# What the task requires:
Without the pictures, output all of the data exactly.

*** Opening Given records ***

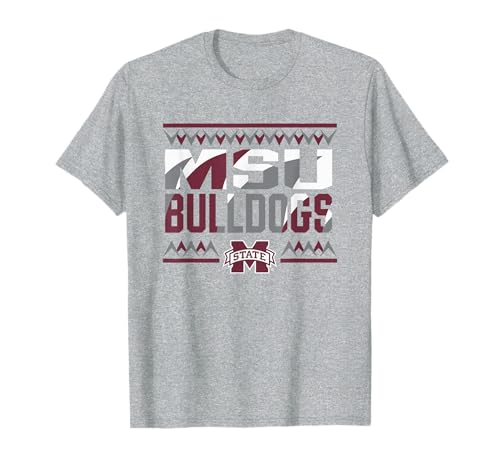 Mississippi State Bulldogs Retro Sharktooth Gray T-Shirt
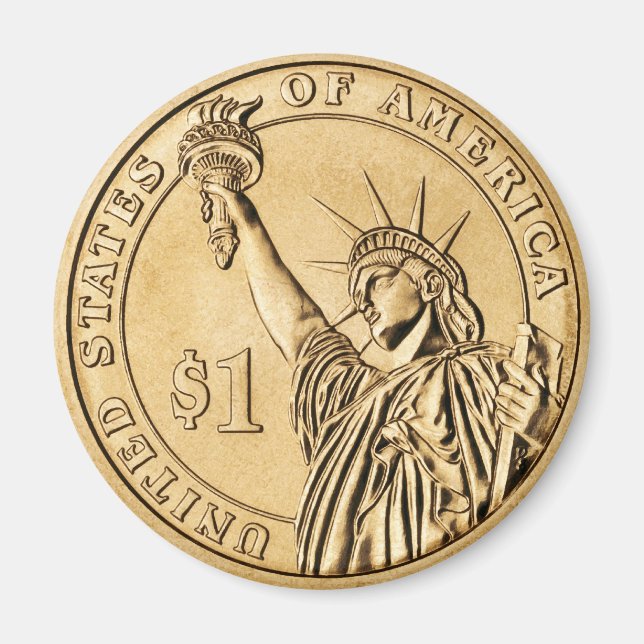 2007 Presidential One Dollar Coin from U.S. Mint Magnet (Front)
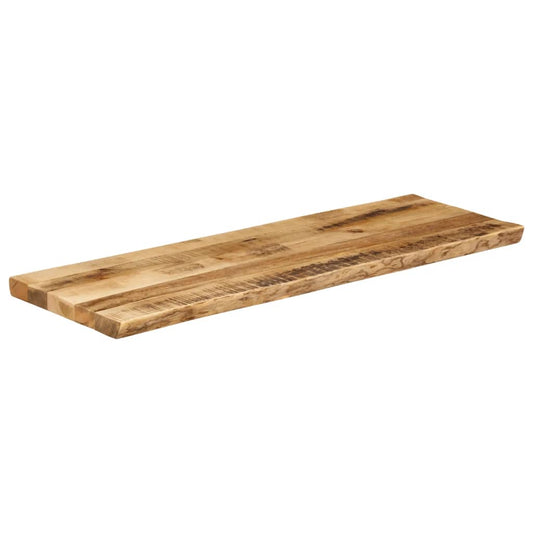 vidaXL Επιφάνεια Τραπεζιού 140x40x2,5 εκ. Live Edge Μασίφ Ξύλο Μάνγκο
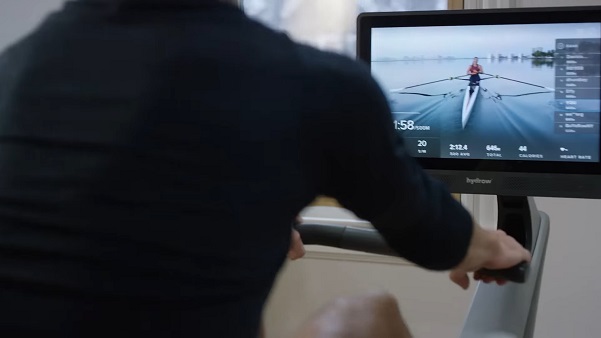 Hydrow origin rower hydrow origin rowing machine with showing hydrow app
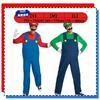 RemeeHi Mario and Luigi Cosplay Costume Mario Kart Costume Set with and Perfect for School and As a Gift Size "All Seasons" Hat, Gloves, Beard,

*** Closing Given records ***

# Task result:
 Mississippi State Bulldogs Retro Sharktooth Gray T-Shirt
 2007 Presidential One Dollar Coin from U.S. Mint Magnet (Front)
 vidaXL Επιφάνεια Τραπεζιού 140x40x2,5 εκ. Live Edge Μασίφ Ξύλο Μάνγκο
 Hydrow origin rower hydrow origin rowing machine with showing hydrow app
 RemeeHi Mario and Luigi Cosplay Costume Mario Kart Costume Set with and Perfect for School and As a Gift Size "All Seasons" Hat, Gloves, Beard,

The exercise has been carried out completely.